■ **Source material**
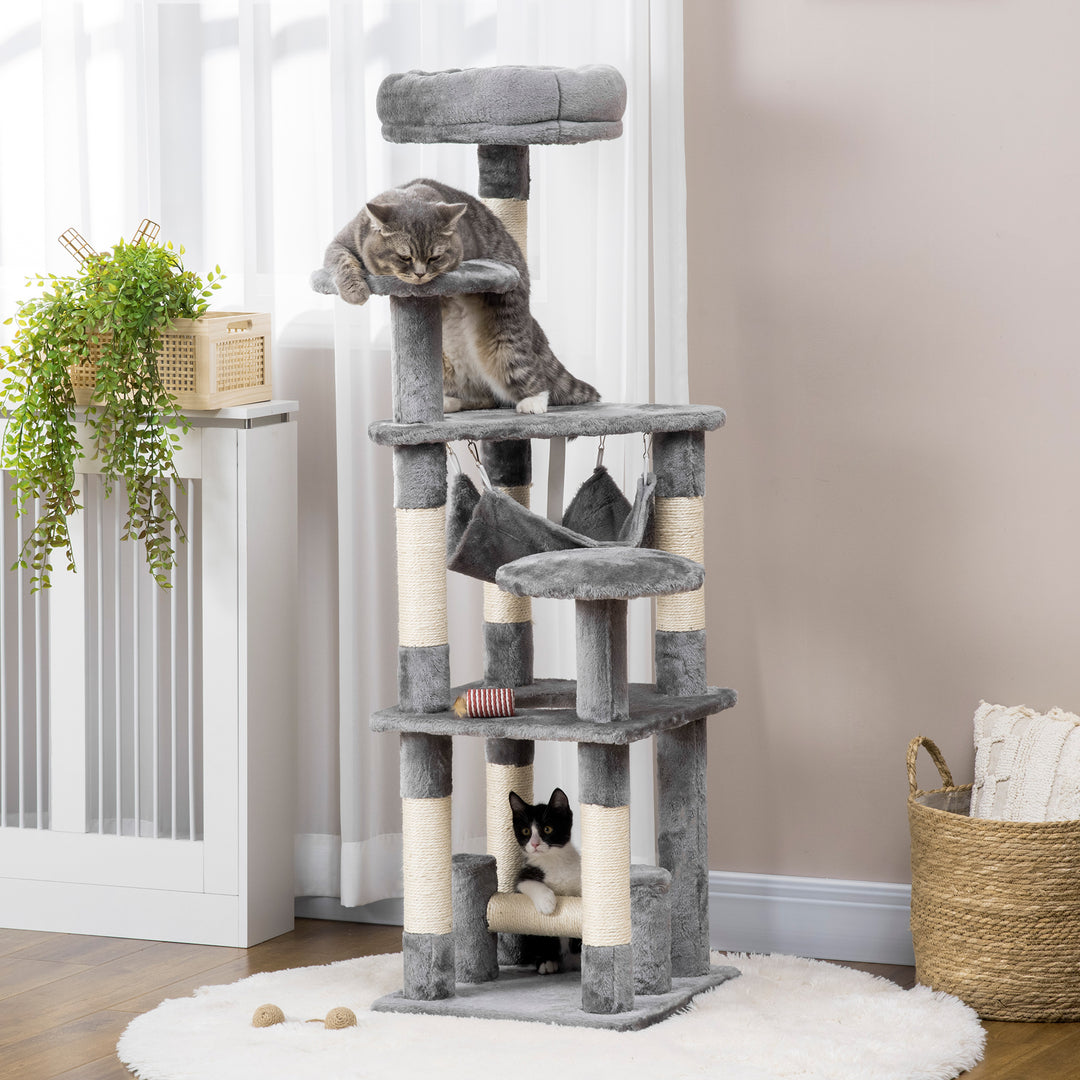 Kradsetræ til katte, legetårn til katte, klatretræ til katte, kradsetræ til hængekøje, grå l40 x b40 x h132 cm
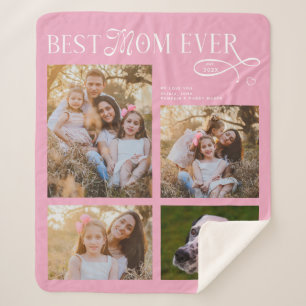 Couverture Sherpa Meilleure Maman Pour Toujours 4 Photos Cœur Cadeau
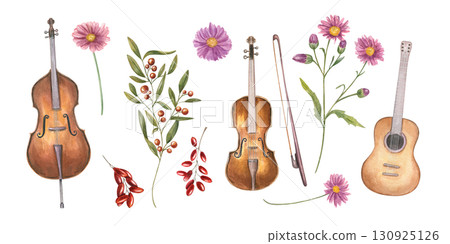 Musical set with contrabass, guitar, violin and autumn plants watercolor illustration clip art on isolated background. Hand painted music instruments, flowers, berries for jazz festival poster, design Musical set with contrabass, guitar, violin and autumn plants watercolor illustration clip art on isolated background. Hand painted music instruments, flowers, berries for jazz festival poster, design 130925126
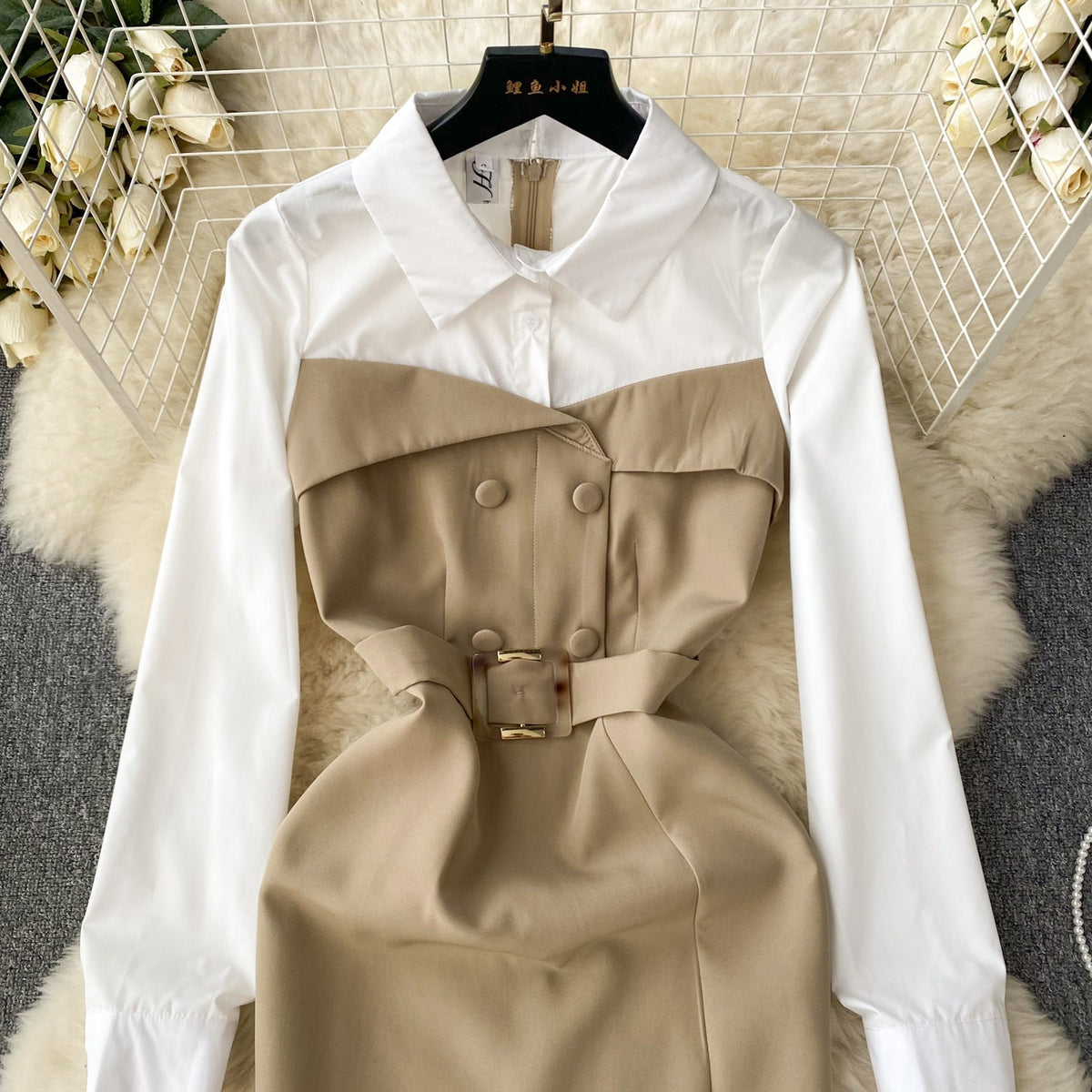 Faux Two-pieces Patchwork Shirt Dress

■ **Instructions to follow**
Each line above should be printed again exactly, though the pictures should not be.

■ **Finished task**
 Kradsetræ til katte, legetårn til katte, klatretræ til katte, kradsetræ til hængekøje, grå l40 x b40 x h132 cm
 Couverture Sherpa Meilleure Maman Pour Toujours 4 Photos Cœur Cadeau
 Musical set with contrabass, guitar, violin and autumn plants watercolor illustration clip art on isolated background. Hand painted music instruments, flowers, berries for jazz festival poster, design Musical set with contrabass, guitar, violin and autumn plants watercolor illustration clip art on isolated background. Hand painted music instruments, flowers, berries for jazz festival poster, design 130925126
 Faux Two-pieces Patchwork Shirt Dress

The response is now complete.